Em “Frida”, Julie Taymor constrói mais do que um retrato biográfico da icônica pintora mexicana Frida Kahlo; a cineasta transforma sua história em uma experiência sensorial e narrativa que transcende convenções do gênero. A obra mergulha na complexidade da artista sem reduzi-la a um arquétipo de sofrimento ou a uma coadjuvante na vida do muralista Diego Rivera. Pelo contrário, Taymor compõe uma protagonista que se impõe com força própria, articulando sua arte e sua dor como elementos inseparáveis de sua identidade.
O longa explora a relação conturbada entre Frida (Salma Hayek) e Rivera (Alfred Molina), não apenas como um casamento marcado por traições e reconciliações, mas como um embate de duas mentes brilhantes, movidas por paixões avassaladoras e convicções artísticas inegociáveis. Hayek oferece uma interpretação visceral, capturando a fisicalidade e a resiliência de Kahlo diante da dor crônica que a acompanhou desde o acidente que a marcou para sempre. Molina dá vida a um Rivera sedutor, talentoso e emocionalmente indomável, compondo um contraponto que reforça a tensão latente em sua dinâmica conjugal.

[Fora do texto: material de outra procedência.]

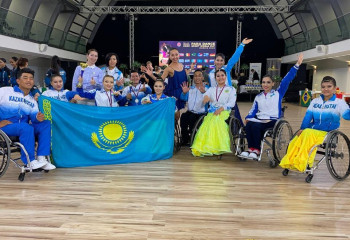 Елордалық пара бишілер әлем кубогында топ жарды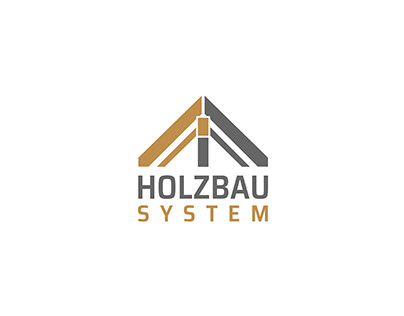 Logo dla HOLZBAU SYSTEM - konstrukcje drewniane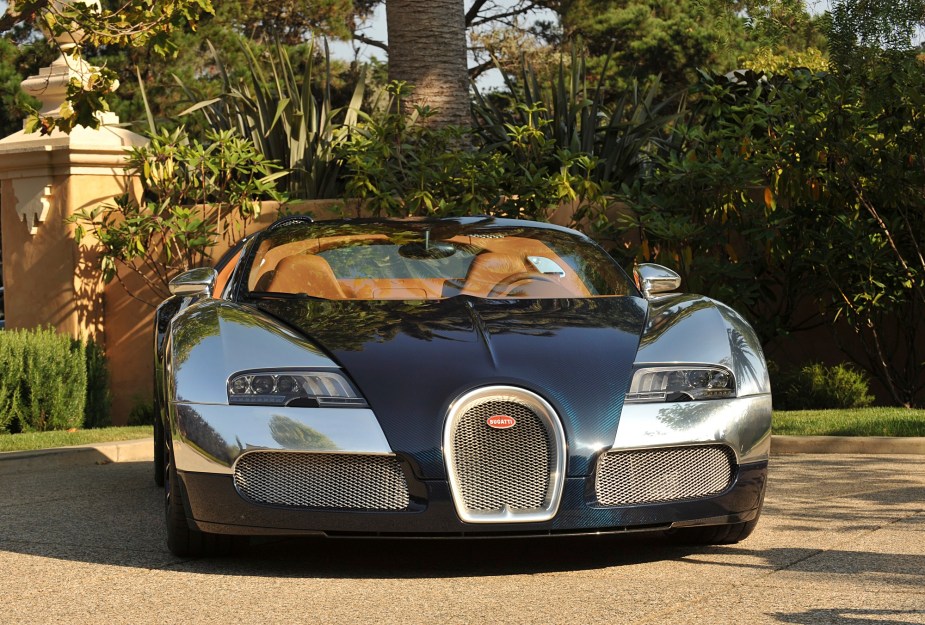 The Bugatti Veyron is one of the fastest supercars of the 2000s.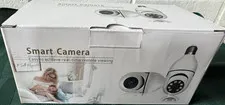 HD Wi-Fi Bulb Camera with Motion Detection, Night Vision, Remote Viewing, Onvif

Mas “Frida” não se limita à esfera pessoal. O filme contextualiza a artista em um período de efervescência política e cultural, ressaltando como sua obra dialoga com a ideologia revolucionária que permeava a primeira metade do século 20. Personagens históricos como Leon Trótski (Geoffrey Rush) e Nelson Rockefeller (Edward Norton) não são meras presenças ilustrativas, mas catalisadores que ajudam a delinear as contradições entre a utopia socialista professada por Rivera e as concessões feitas à elite capitalista. Essa interseção entre arte e política não é apenas um pano de fundo, mas um eixo que potencializa a profundidade da narrativa.
Taymor faz de “Frida” uma extensão da estética da pintora. A cinematografia de Rodrigo Prieto incorpora elementos pictóricos ao filme, transformando as telas de Kahlo em passagens orgânicas entre o real e o imaginário. Em momentos cruciais, o espectador é transportado para dentro das obras, testemunhando a fusão entre vida e arte de forma que não apenas ilustra, mas amplifica o impacto emocional da história. O uso de animações, efeitos práticos e composições inspiradas no surrealismo reforça a singularidade estilística da produção, diferenciando-a das cinebiografias convencionais.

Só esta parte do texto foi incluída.